Administration officials said removal numbers were determined by a requirement, included by Congress in the immigration agency’s appropriations, to fill a daily average of about 34,000 beds in detention facilities. The mandate, which is closely monitored by oversight committees, amounts to about 400,000 removals a year.
“We are fulfilling the mandate,” John Sandweg, the acting director of Immigration and Customs Enforcement, said in an interview. “We want to fill the beds with the right people, that is, public safety and national security threats and individuals we are required by law to detain.”
But he noted that agents were encountering many immigrants who fit those priorities but also had family connections that could make them eligible to stay by prosecutorial discretion.
“Many of these cases are very complex and not cut-and-dry,” Mr. Sandweg said.

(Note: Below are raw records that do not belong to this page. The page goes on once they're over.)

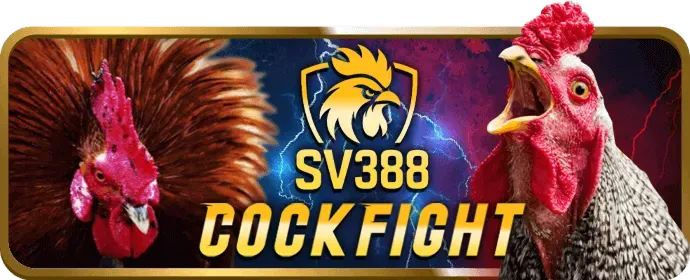 Thưởng độc quyền cho thành viên VIP bu88 win
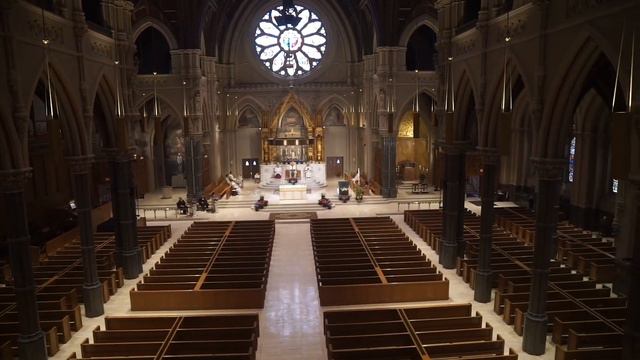 Bishop Tobin broadcast Easter Mass смотреть онлайн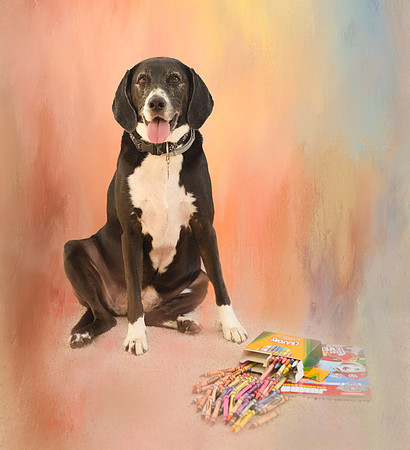 Beautiful colors with dog portrait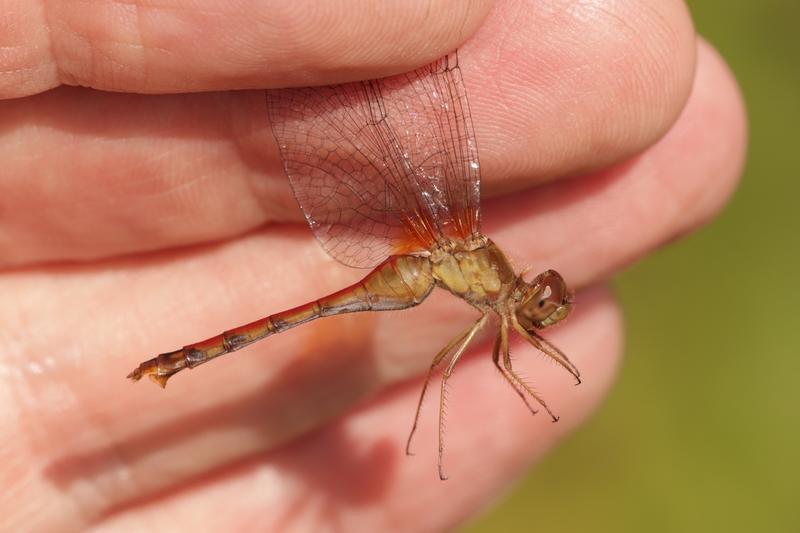 Photo of Autumn Meadowhawk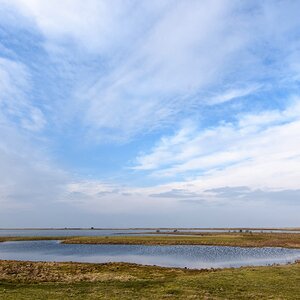comp  H001679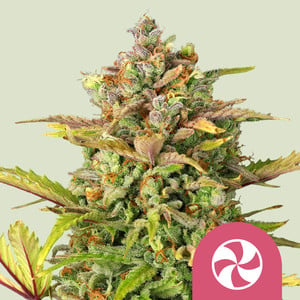 Semillas De Marihuana Gratis Y Más Regalos Con Tu Compra Online - Royal  Queen Seeds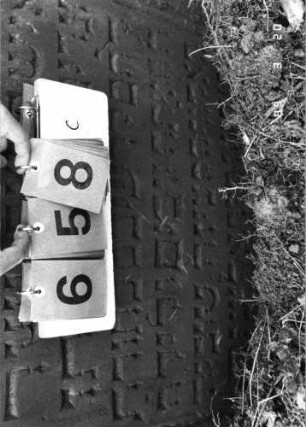 Grabstein 658 (Index: 99752443) Material: Sandstein Zustand: gut, Stele eingesunken Maße HxBxT: 95x84x11 cm Beschreibung: Stele, eingezogener Rundbogenabschluß, Schriftfeld eingetieft Symbolik: Muschel: Grabstein 658C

In New Orleans, administration officials said, the immigration agency halted some operations after the protest. They had been part of an anti-gang campaign with the local police. But random stops of Latinos were not consistent with the agency’s guidelines, the officials said.
Saket Soni, the executive director of the New Orleans Workers’ Center for Racial Justice, said deportations had picked up again in recent days.
“If Congress doesn’t act, another 400,000 people will be deported,” said Mr. Soni, whose group helped organize the protest. “This suffering has to stop.”
Advocates argue that Mr. Obama could expand reprieves he gave to young undocumented immigrants last year. But White House officials say the only solution is for Congress to pass a path to citizenship. Cecilia Muñoz, the director of the Domestic Policy Council, said in an interview that Mr. Obama did not have the legal authority for a wholesale curb on deportations.
“There are not sufficient tools in his toolbox to address the heart of this problem,” she said.